If you’ve looked at a daily stock chart before, you might have noticed gaps in between some days. Gaps tend to occur due to some catalyst, whether it be news or extremely bearish or bullish trading in the overall market. Moreover, gap trading could occur during market hours, if the stock is halted due to pending news or volatility. That said, gaps could potentially offer trading opportunities.
What Is Gap Trading?
As stated earlier, gaps occur due to some catalyst. Now, this could be due to earnings or a significant change in company fundamentals. For example, if a company reports strong quarterly earnings results that top the Street estimates and the company provides guidance above the consensus estimate, then the stock could open up higher, which would be considered a gap up. The opposite is true here.

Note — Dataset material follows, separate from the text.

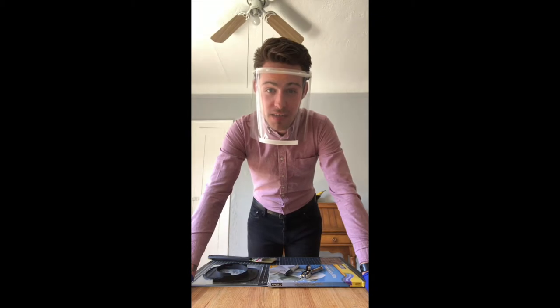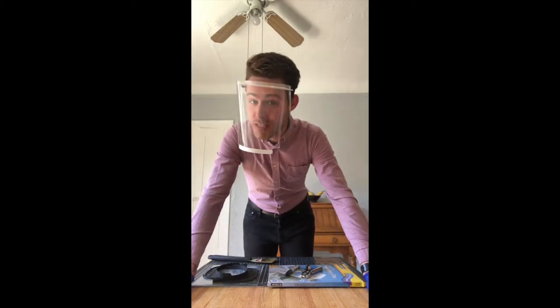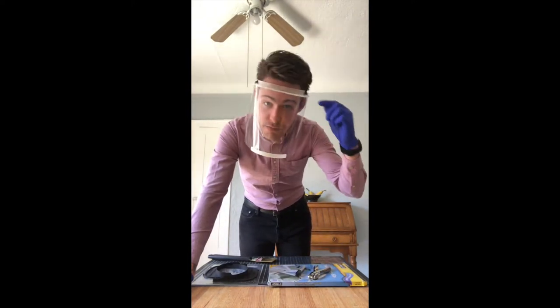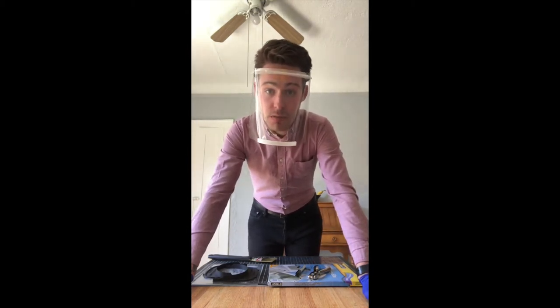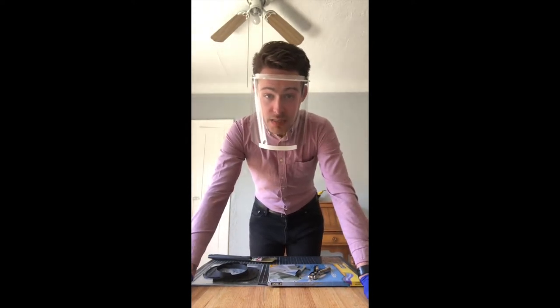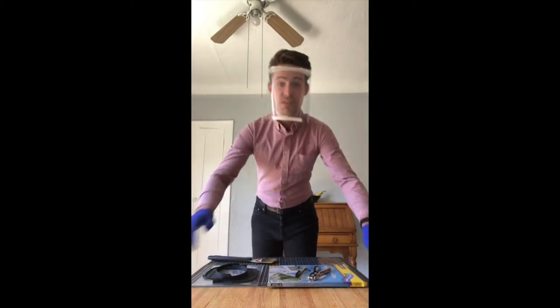Hi everyone, this is Owen from the Hive Makerspace at Lakeland Community College. Today I'm going to show you how I've been using a 3D printer and simple tools at home to manufacture over 200 of these face shields. These are being sent to local and regional at-home healthcare workers, and today I'm going to give you a little sneak peek into the process I've been using to do all of this from home. Let's get started.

In general, there are four types of gaps: breakaway, continuation, exhaustion, and normal. Breakaway gaps tend to occur at the end of a price pattern, and could potentially indicate the start of a new trend. For example, if a stock formed a bearish pennant and the stock gaps above the consolidation area due to some positive catalyst, it could be an indication that there might be a reversal of trend.
Continuation gaps are those that take place within a price pattern and could be an indication that the stock will continue in that direction. For example, if the stock forms a bullish pennant and the stock gaps above the consolidation area, it could be an indication that bullish trading could continue.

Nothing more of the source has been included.